Nigel Goodwin,
Well, I did the simple maths and posted them. I calculated power before and after the source impedance change. I did not calculate or describe any voltage changes. Did you even look at my derivation?
If the concept is hard to grasp, think of it this way. Reducing the impedance of the source will increase the series current. That can only increase the power dissipated in the load because its impedance has not changed while its current has increased.
Ratch
Again - that isn't the point - maximum
power transfer occurs when source and load impedances equal each other. If you vary the source impedance, you need to vary the load impedance to maintain maximum
power transfer.
If the load is higher than the source, you don't get maximum power, if the load if lower than the source you don't get maximum power either.
Here's a simple example:
Now 10V source, 1 ohm impedance, 1 ohm load (matched).

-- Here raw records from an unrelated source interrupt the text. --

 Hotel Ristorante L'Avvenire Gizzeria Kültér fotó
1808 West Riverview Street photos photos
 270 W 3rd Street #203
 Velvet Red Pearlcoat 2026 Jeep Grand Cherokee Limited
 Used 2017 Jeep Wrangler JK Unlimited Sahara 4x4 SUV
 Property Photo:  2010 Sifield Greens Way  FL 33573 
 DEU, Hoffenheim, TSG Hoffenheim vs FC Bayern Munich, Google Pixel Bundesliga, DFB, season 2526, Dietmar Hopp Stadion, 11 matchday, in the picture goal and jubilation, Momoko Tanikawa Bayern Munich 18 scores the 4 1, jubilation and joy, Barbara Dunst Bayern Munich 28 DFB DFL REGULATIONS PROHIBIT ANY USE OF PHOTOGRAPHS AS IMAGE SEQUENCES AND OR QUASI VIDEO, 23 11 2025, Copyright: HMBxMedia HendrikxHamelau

Current = 5A, power in load 25W
Now 10V source, 1 ohm impedance, 2 ohm load (not matched).
Current = 3.333A, power in load 22.217W
Now 10V source, 2 ohm impedance, 1 ohm load (not matched).
Current = 3.333A, power in load 11.109W
Notice that the matched one is highest power.
If you plot all the points, you will get a curve on the graph, which shows a single point of maximum power transfer, which is when source and load are equal.
I'm fully aware that this isn't usually what you want, a low source feeding a high load is much more normal, but it's not the maximum power point.